Assume that the curve $C$ is not degenerate and $d \geq 3$. Then, in order to fulfill your assumptions, $C$ must be reducible in $d$ lines, and furthermore each of these lines meets another fixed line $L$. In fact, suppose that there are $d$ points on $C$ such that there exists a $1$dimensional family of planes through these points. Since the base locus of a pencil of planes is a line, this means that the $d$ points belong to a line $L$. Now take a general point on $p \in L$ and project $C$ from $p$ to $\mathbb{P}^2$. The projection is birational, hence we obtain a plane a curve $C'$ of degree $d$ with a point $p'$ of multiplicity $d$. Then $C'$ is necessarily the union of $d$ lines through $p'$. It follows that the curve $C$ is the union of $d$ lines in $\mathbb{P}^3$, and each of these lines is incident to $L$. EDIT 1. As quid points out there is actually another possibility, namely when $C=L \cup D$, with $D$ any curve of degree $d1$. In this case the projection from $p \in L$ is not birational, since it contracts $L$. EDIT 2. As Auniked points out, one cannot assume that the projection is birational. In fact, the complete answer seems to be the following. Either $L$ is a component of $C$ and we are in the situation described in Edit 1, or there exist planes $H_1, \ldots, H_m$ containing $L$ and curves $C_i \subset H_i$ of degree $d_i$ such that $d_1+ \ldots + d_m=d$ and $C=C \cup \ldots \cup C_m$. My original answer only dealt with the case $m=d$ and $d_1=d_2= \ldots =d_m=1$. 


A slightly different way to prove Francesco+auniket's result is as follows. First, given two different planes in the family, all $d$ points must lie in their intersection, which is a line $L$. Second, every plane intersecting $C$ properly does so in $d$ points (counting multiplicities). So for every plane $H$ through $L$ intersecting $C$ properly, $H\cap C \subset L$. If there is any such plane, then general planes through $L$ intersect $C$ properly.
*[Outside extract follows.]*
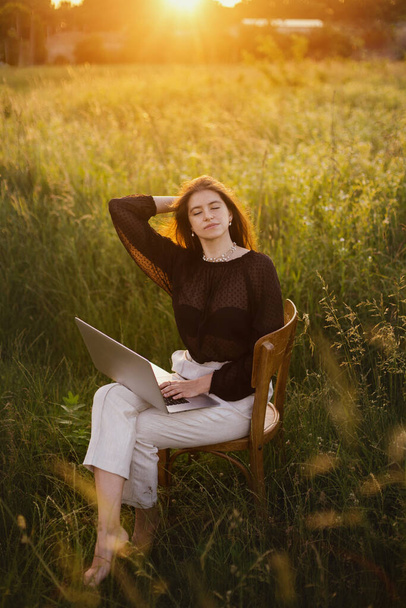 Neues Bürokonzept. Modisch elegantes Mädchen, das am Laptop arbeitet und auf einem rustikalen Stuhl im sonnigen Sommerfeld bei Sonnenuntergang sitzt. Fernarbeit mit sozialer Distanzierung und Sicherheitsprotokollen - Foto, Bild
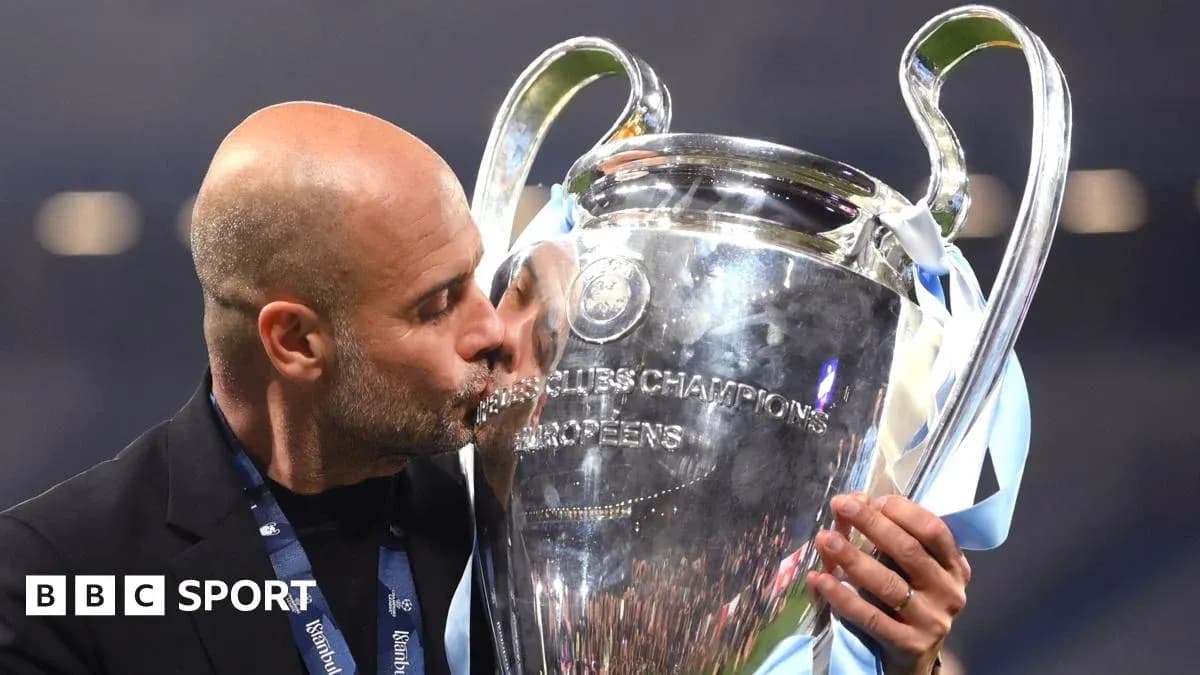 Coach kissing UEFA Champions League trophy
Let $H_1, \dots, H_m$ be the (therefore finitely many) planes through $L$ which meet $C$ nonproperly. Then $C \subset \bigcup H_i$, each $H_i$ contains a component $C_i$ of $C$ of degree $d_i$ which goes through $d_i$ of the $d$ points. If there is no such plane on the other hand, then $L$ is a component of $C$. Actually, this is projecting from $L$ rather than projecting from a point of $L$.